La Peira | (The Stone)
Sabe pas si sagnan, las peiras. Si cridan, si udlan jos la rôda e la massa, e lo fiau dau coteu si las blessa, a plena charn, en las trauchar.
Sabe, l’argiu que ne’n riula per cas, tan roge que siaja n’es pas que de sang.
E diria res de lor tendresa, de peira a peira, de l’aiga a l’aer...
Mas ço que sabe, que nòstre sang ven de la peira. E nòstra charn ven pas d’alhors, tòrna de peira que sem peira, que sem pouvera e fum de vent.
Que nòstre sang es sang de peira, e nôstra chalor de solelh, e nòstra bramada lo crit de la peira, e nôstra arma lai paissa a plen còrs, que siagem l’arma de la peira—mas dijatz, la peira, ela qu’es peira—d’onte ven ?
I don’t know if they bleed, the stones. Or if they cry out, if they scream under the mace or the wheel, of the knife’s blade wounds them, deep in their flesh, slicing through them.
I know that the loam that sometimes runs from them, no matter how red it be, is not blood.
And I’ll say nothing of their tenderness, from stone to stone, from water to air.
But what I know is that our blood comes from the stone. And our flesh comes from nowhere else, it turns from stone into the stone we are, we are dust and wind’s smoke.
That our blood is blood of the stone, and our heat of sun, and our clamor the cry of the stone, through which our soul passes full-bodied, that we are the soul of the stone—but tell me, the stone, who is the stone—from where does it come?
The scream of the stones
When the stones start to howl, to howl like a sick dog, like a child lost in the night,
like the dogs at the moon,
like a woman in her pains,
have you heard them, the stones?
When the stones howl under the hammer and under the mace, when the stones jabber
under the steel’s edge,
have you heard them complain?
—Have you heard them sing?
When you hear it blow, the wind that goes & caresses the stone,
and that passes its hands through its hair, its fingers over the … glove of the stone,
listen to it sing…
Listen to it sleep, the stone. For so much time inside the blackness of time and of the stone.
Listen to it breathe.
So fully, of such a long and deep breath that never ends, you’ll listen to it’s respiration…
One on top of the other, one across the other one against the other, sand above, sand below, the earth is deep and the stones sleep in it.
Don’t you hear them sleep?
MARCELA DELPASTRE (1925 - 1998) was an immense poet, prose writer and gatherer of tales and songs, an Occitan ethnopoetics practitioner from the Corrèze region of the Limousin--or “occupied Occitania.” Though she studied philosophy and literature in high school and then decorative arts in Limoges, she gave it all up in 1945 to return to Germont, the small village where she was born and would die, to run the family farm.

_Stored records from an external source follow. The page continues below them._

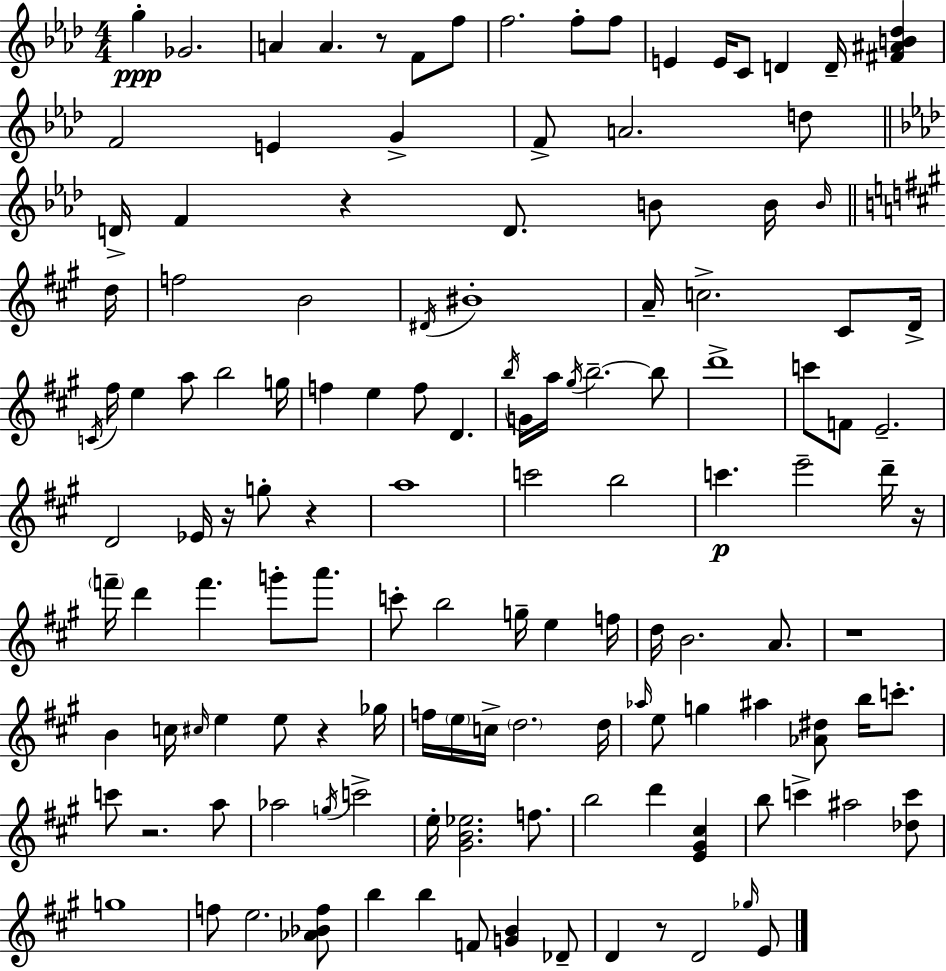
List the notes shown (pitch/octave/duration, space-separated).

G5/q Gb4/h. A4/q A4/q. R/e F4/e F5/e F5/h. F5/e F5/e E4/q E4/s C4/e D4/q D4/s [F#4,A#4,B4,Db5]/q F4/h E4/q G4/q F4/e A4/h. D5/e D4/s F4/q R/q D4/e. B4/e B4/s B4/s D5/s F5/h B4/h D#4/s BIS4/w A4/s C5/h. C#4/e D4/s C4/s F#5/s E5/q A5/e B5/h G5/s F5/q E5/q F5/e D4/q. B5/s G4/s A5/s G#5/s B5/h. B5/e D6/w C6/e F4/e E4/h. D4/h Eb4/s R/s G5/e R/q A5/w C6/h B5/h C6/q. E6/h D6/s R/s F6/s D6/q F6/q. G6/e A6/e. C6/e B5/h G5/s E5/q F5/s D5/s B4/h. A4/e. R/w B4/q C5/s C#5/s E5/q E5/e R/q Gb5/s F5/s E5/s C5/s D5/h. D5/s Ab5/s E5/e G5/q A#5/q [Ab4,D#5]/e B5/s C6/e. C6/e R/h. A5/e Ab5/h G5/s C6/h E5/s [G#4,B4,Eb5]/h. F5/e. B5/h D6/q [E4,G#4,C#5]/q B5/e C6/q A#5/h [Db5,C6]/e G5/w F5/e E5/h. [Ab4,Bb4,F5]/e B5/q B5/q F4/e [G4,B4]/q Db4/e D4/q R/e D4/h Gb5/s E4/e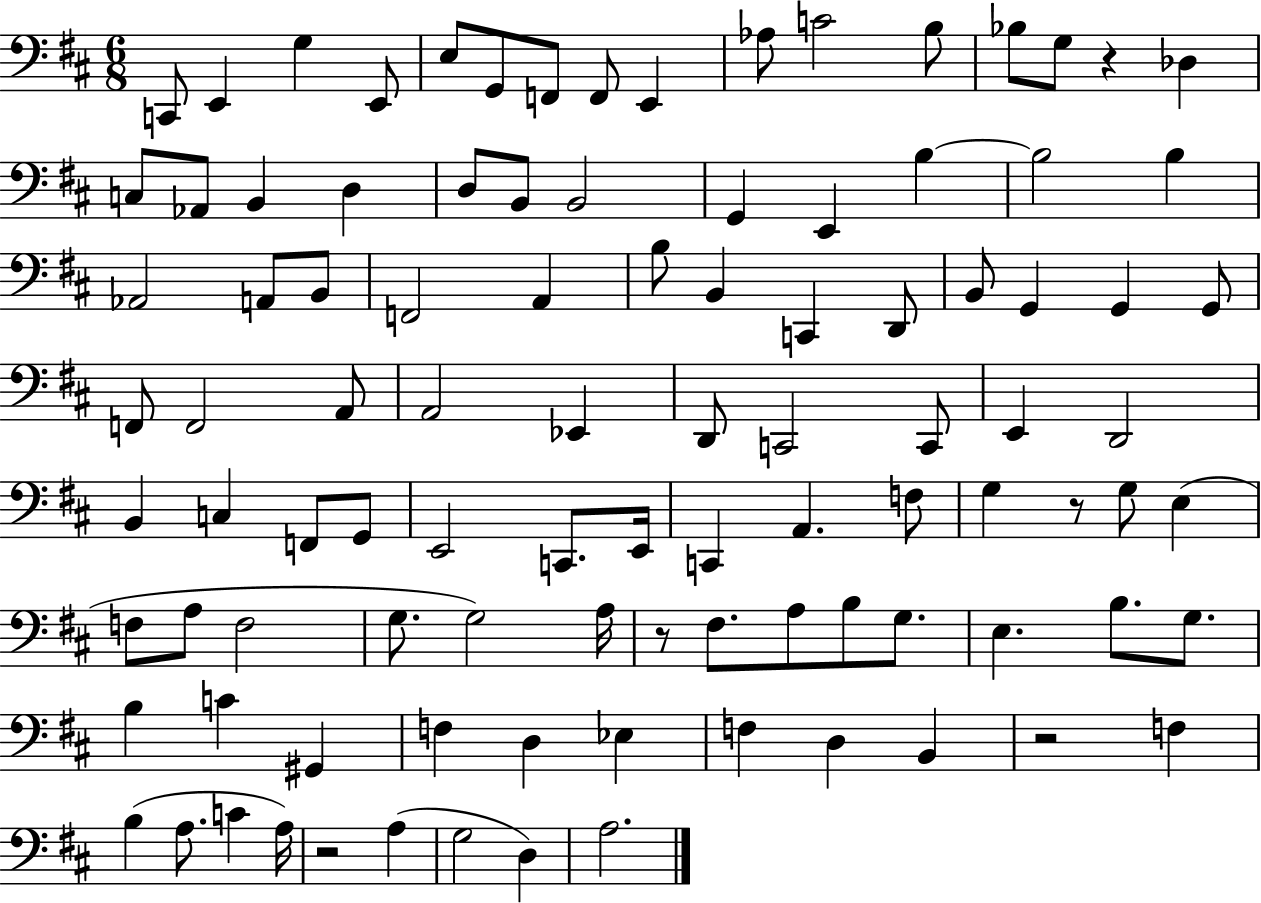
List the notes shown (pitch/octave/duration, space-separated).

C2/e E2/q G3/q E2/e E3/e G2/e F2/e F2/e E2/q Ab3/e C4/h B3/e Bb3/e G3/e R/q Db3/q C3/e Ab2/e B2/q D3/q D3/e B2/e B2/h G2/q E2/q B3/q B3/h B3/q Ab2/h A2/e B2/e F2/h A2/q B3/e B2/q C2/q D2/e B2/e G2/q G2/q G2/e F2/e F2/h A2/e A2/h Eb2/q D2/e C2/h C2/e E2/q D2/h B2/q C3/q F2/e G2/e E2/h C2/e. E2/s C2/q A2/q. F3/e G3/q R/e G3/e E3/q F3/e A3/e F3/h G3/e. G3/h A3/s R/e F#3/e. A3/e B3/e G3/e. E3/q. B3/e. G3/e. B3/q C4/q G#2/q F3/q D3/q Eb3/q F3/q D3/q B2/q R/h F3/q B3/q A3/e. C4/q A3/s R/h A3/q G3/h D3/q A3/h.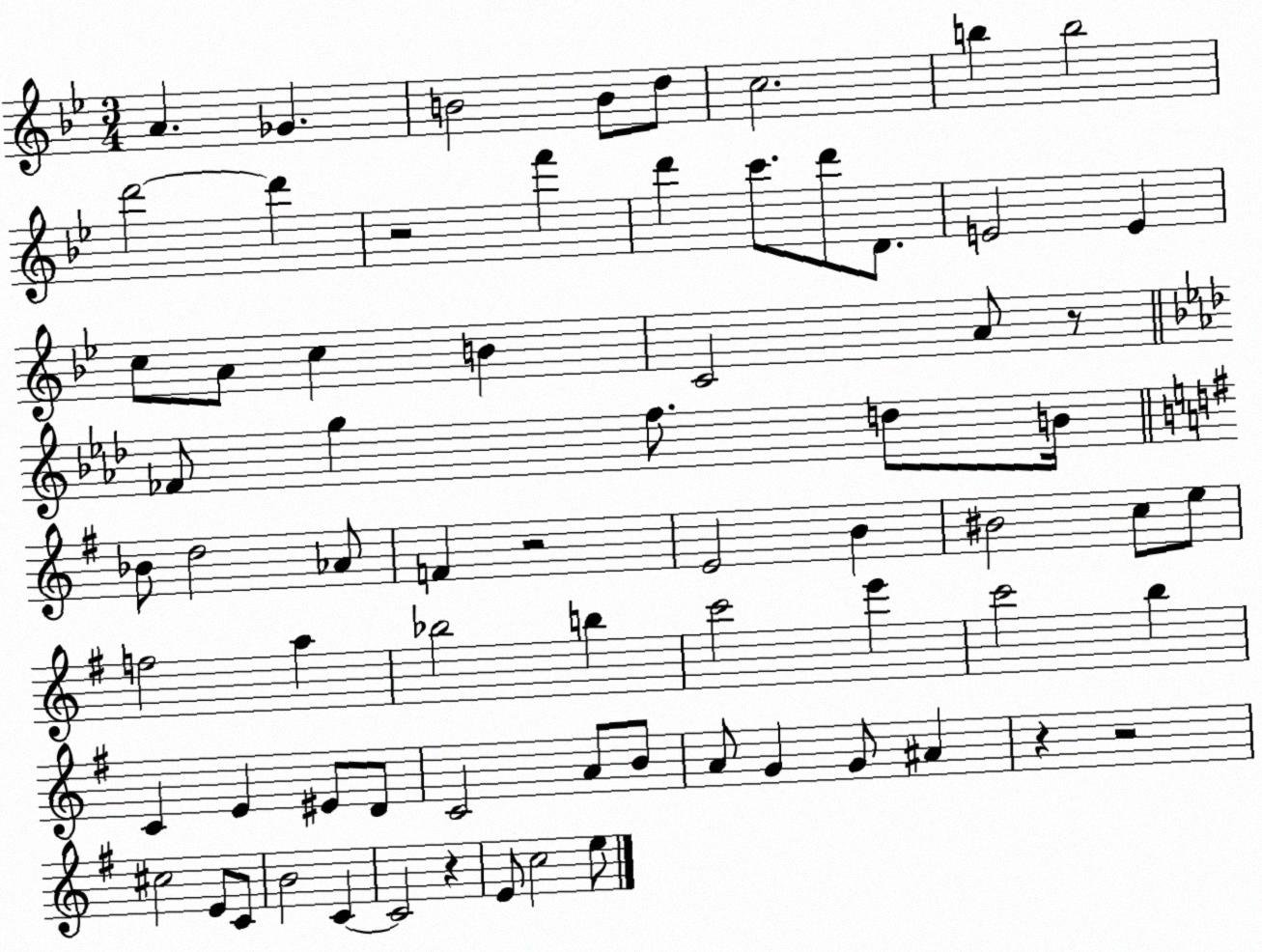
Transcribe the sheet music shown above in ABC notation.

X:1
T:Untitled
M:3/4
L:1/4
K:Bb
A _G B2 B/2 d/2 c2 b b2 d'2 d' z2 f' d' c'/2 d'/2 D/2 E2 E c/2 A/2 c B C2 A/2 z/2 _F/2 g f/2 d/2 B/4 _B/2 d2 _A/2 F z2 E2 B ^B2 c/2 e/2 f2 a _b2 b c'2 e' c'2 b C E ^E/2 D/2 C2 A/2 B/2 A/2 G G/2 ^A z z2 ^c2 E/2 C/2 B2 C C2 z E/2 c2 e/2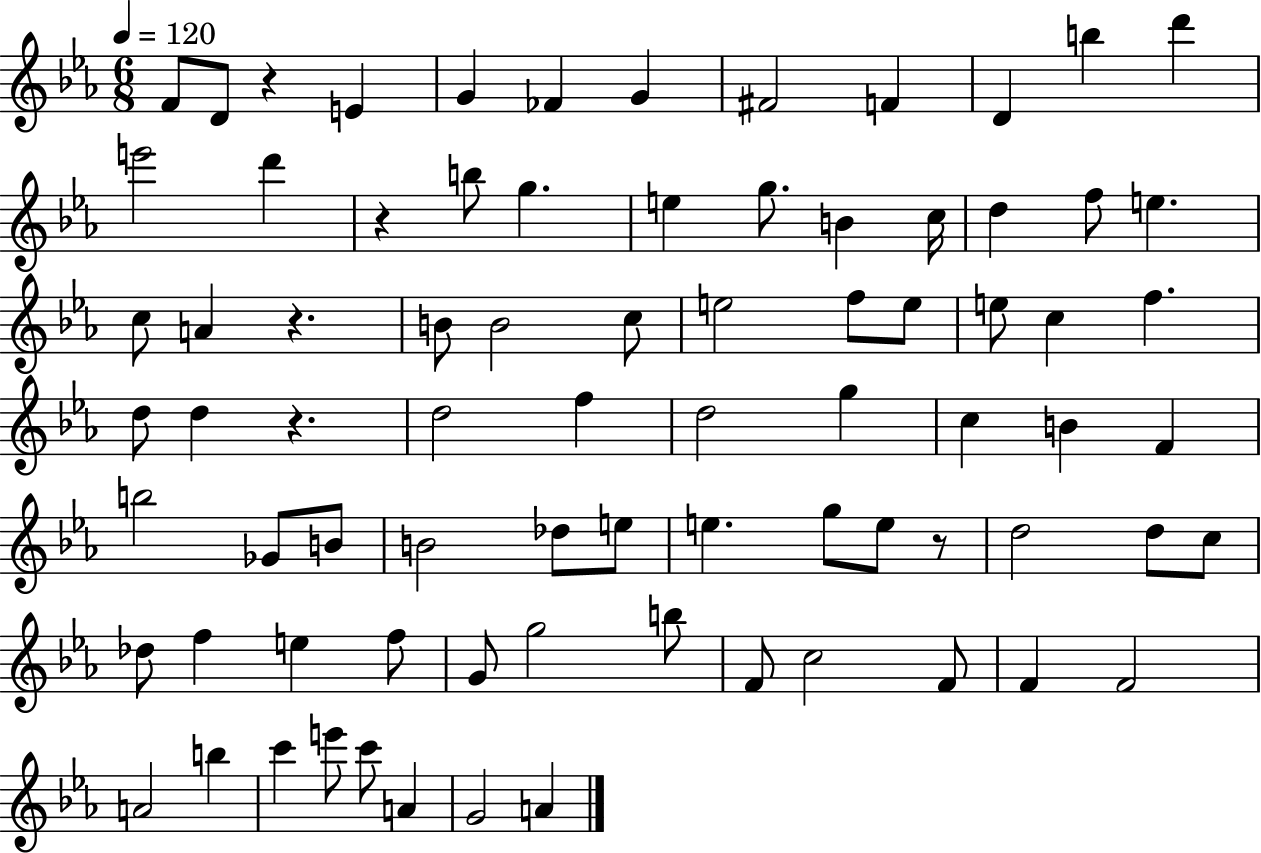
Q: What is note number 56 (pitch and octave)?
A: F5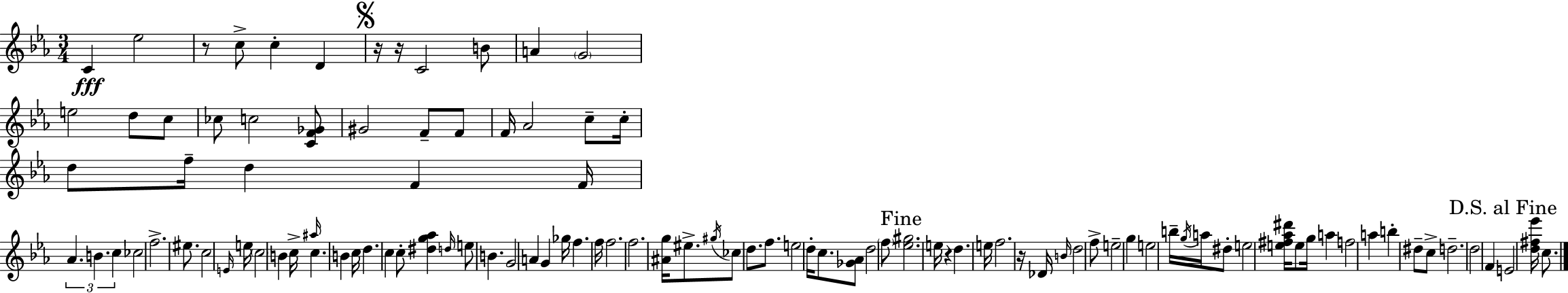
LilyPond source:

{
  \clef treble
  \numericTimeSignature
  \time 3/4
  \key c \minor
  c'4\fff ees''2 | r8 c''8-> c''4-. d'4 | \mark \markup { \musicglyph "scripts.segno" } r16 r16 c'2 b'8 | a'4 \parenthesize g'2 | \break e''2 d''8 c''8 | ces''8 c''2 <c' f' ges'>8 | gis'2 f'8-- f'8 | f'16 aes'2 c''8-- c''16-. | \break d''8 f''16-- d''4 f'4 f'16 | \tuplet 3/2 { aes'4. b'4. | c''4 } ces''2 | f''2.-> | \break eis''8. c''2 \grace { e'16 } | e''16 \parenthesize c''2 b'4 | c''16-> \grace { ais''16 } c''4. b'4 | c''16 d''4. c''4 | \break c''8-. <dis'' g'' aes''>4 \grace { d''16 } e''8 b'4. | g'2 a'4 | g'4 ges''16 f''4. | f''16 f''2. | \break f''2. | <ais' g''>16 eis''8.-> \acciaccatura { gis''16 } ces''8 d''8. | f''8. e''2 | d''16-. c''8. <ges' aes'>8 d''2 | \break \parenthesize f''8 \mark "Fine" <ees'' gis''>2. | e''16 r4 d''4. | e''16 f''2. | r16 des'16 \grace { b'16 } d''2 | \break f''8-> e''2-- | g''4 e''2 | b''16-- \acciaccatura { g''16 } a''16 dis''8-. e''2 | <e'' fis'' aes'' dis'''>16 e''8 g''16 a''4 f''2 | \break a''4 b''4-. | dis''8-- c''8-> d''2.-- | d''2 | f'4 \mark "D.S. al Fine" e'2 | \break <d'' fis'' ees'''>16 c''8. \bar "|."
}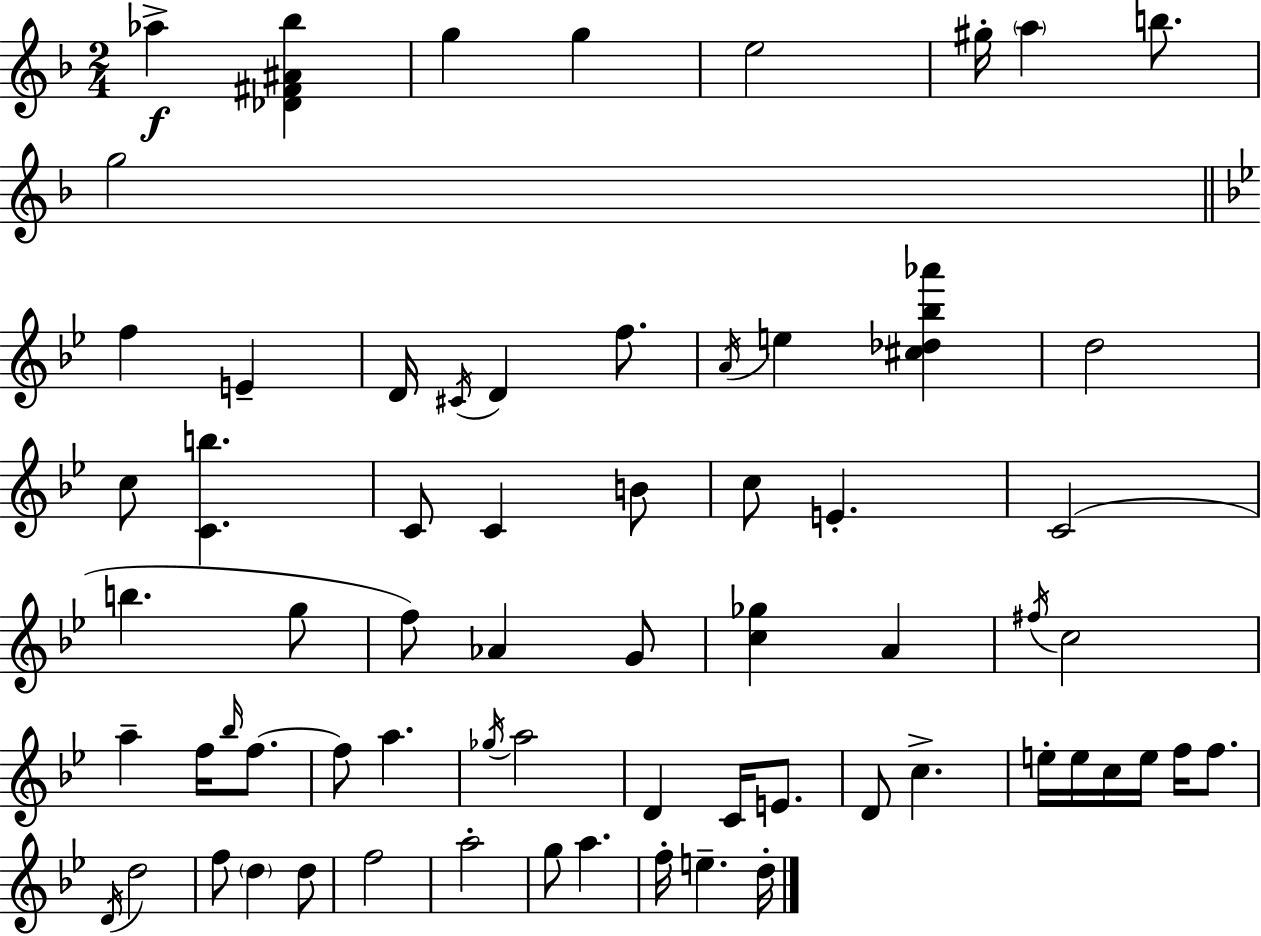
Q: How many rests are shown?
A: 0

Writing both in Occitan and in French, she produced a massive oeuvre still in the process of being published (by Jan dau Melhau at Edicions Jan Chamin de Sant-Jaume). As one commentator put it: “She is as much of a literary genius as Manciet or Rouquette and yet in France she is accorded much less recognition, being considered a less-valued “peasant-poet.” A witness of the profound upheavals of the post-World War II era, she cultivated an ongoing absolute relationship to the--her--land and to her language(s), through conscious and reactive writing and persistent anger, both nourished by ethnography and a deep knowledge of ecosystems and of the human soul. This profound relation to the earth and the spiritual world it reveals, a quasi-shamanistic process visible in the poems here published, is compacted in the term she insisted on using to define herself: the low-Limousin word meaning ‘peasant,’ which is a homophone of the French word “paien,” meaning “pagan.” [Commentary excerpted from the forthcoming publictaion of the poems in Jerome Rothenberg’s revised and expanded edition of Technicians of the Sacred.]